# [Exercise instructions]
All lines before the one containing "Square shape geometric", plus that line itself, are to be printed exactly as they appear below.

Data shown section start

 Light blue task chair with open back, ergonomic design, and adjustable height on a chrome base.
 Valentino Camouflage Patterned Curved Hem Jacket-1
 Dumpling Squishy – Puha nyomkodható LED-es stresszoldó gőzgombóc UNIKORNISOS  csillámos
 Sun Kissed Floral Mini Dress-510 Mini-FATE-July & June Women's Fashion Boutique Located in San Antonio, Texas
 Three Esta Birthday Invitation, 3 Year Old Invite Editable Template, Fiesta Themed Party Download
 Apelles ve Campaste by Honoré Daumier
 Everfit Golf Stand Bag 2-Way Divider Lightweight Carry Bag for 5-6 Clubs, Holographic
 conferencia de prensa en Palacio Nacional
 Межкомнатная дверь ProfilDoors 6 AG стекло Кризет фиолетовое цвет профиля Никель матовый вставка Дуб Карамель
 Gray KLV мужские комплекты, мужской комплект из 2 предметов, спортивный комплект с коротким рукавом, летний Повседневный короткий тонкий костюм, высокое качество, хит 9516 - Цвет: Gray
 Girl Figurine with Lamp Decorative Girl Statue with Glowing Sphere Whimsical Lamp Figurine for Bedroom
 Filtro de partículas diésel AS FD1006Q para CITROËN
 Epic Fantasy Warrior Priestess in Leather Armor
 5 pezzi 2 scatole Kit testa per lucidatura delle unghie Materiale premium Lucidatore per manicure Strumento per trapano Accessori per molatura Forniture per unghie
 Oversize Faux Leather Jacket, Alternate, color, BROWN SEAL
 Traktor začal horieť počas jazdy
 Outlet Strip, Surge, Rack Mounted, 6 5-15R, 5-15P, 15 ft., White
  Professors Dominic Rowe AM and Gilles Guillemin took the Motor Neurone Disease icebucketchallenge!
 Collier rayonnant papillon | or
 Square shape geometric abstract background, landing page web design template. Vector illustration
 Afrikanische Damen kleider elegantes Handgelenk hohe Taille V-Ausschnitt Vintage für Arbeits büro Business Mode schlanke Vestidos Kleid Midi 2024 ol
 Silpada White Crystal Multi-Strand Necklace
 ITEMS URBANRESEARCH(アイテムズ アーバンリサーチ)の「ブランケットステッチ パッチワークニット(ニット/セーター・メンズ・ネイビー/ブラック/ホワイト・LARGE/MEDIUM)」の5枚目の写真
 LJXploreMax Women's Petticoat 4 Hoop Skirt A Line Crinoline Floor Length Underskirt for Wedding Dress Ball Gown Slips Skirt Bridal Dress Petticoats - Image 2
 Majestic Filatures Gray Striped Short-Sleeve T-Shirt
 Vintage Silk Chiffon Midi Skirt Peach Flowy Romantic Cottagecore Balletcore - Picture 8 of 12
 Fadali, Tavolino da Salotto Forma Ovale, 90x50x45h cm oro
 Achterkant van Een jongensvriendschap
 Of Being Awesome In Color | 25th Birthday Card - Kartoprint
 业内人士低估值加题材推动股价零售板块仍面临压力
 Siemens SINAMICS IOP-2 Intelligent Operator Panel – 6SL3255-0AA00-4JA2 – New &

Data shown section end

# [Response box]
 Light blue task chair with open back, ergonomic design, and adjustable height on a chrome base.
 Valentino Camouflage Patterned Curved Hem Jacket-1
 Dumpling Squishy – Puha nyomkodható LED-es stresszoldó gőzgombóc UNIKORNISOS  csillámos
 Sun Kissed Floral Mini Dress-510 Mini-FATE-July & June Women's Fashion Boutique Located in San Antonio, Texas
 Three Esta Birthday Invitation, 3 Year Old Invite Editable Template, Fiesta Themed Party Download
 Apelles ve Campaste by Honoré Daumier
 Everfit Golf Stand Bag 2-Way Divider Lightweight Carry Bag for 5-6 Clubs, Holographic
 conferencia de prensa en Palacio Nacional
 Межкомнатная дверь ProfilDoors 6 AG стекло Кризет фиолетовое цвет профиля Никель матовый вставка Дуб Карамель
 Gray KLV мужские комплекты, мужской комплект из 2 предметов, спортивный комплект с коротким рукавом, летний Повседневный короткий тонкий костюм, высокое качество, хит 9516 - Цвет: Gray
 Girl Figurine with Lamp Decorative Girl Statue with Glowing Sphere Whimsical Lamp Figurine for Bedroom
 Filtro de partículas diésel AS FD1006Q para CITROËN
 Epic Fantasy Warrior Priestess in Leather Armor
 5 pezzi 2 scatole Kit testa per lucidatura delle unghie Materiale premium Lucidatore per manicure Strumento per trapano Accessori per molatura Forniture per unghie
 Oversize Faux Leather Jacket, Alternate, color, BROWN SEAL
 Traktor začal horieť počas jazdy
 Outlet Strip, Surge, Rack Mounted, 6 5-15R, 5-15P, 15 ft., White
  Professors Dominic Rowe AM and Gilles Guillemin took the Motor Neurone Disease icebucketchallenge!
 Collier rayonnant papillon | or
 Square shape geometric abstract background, landing page web design template. Vector illustration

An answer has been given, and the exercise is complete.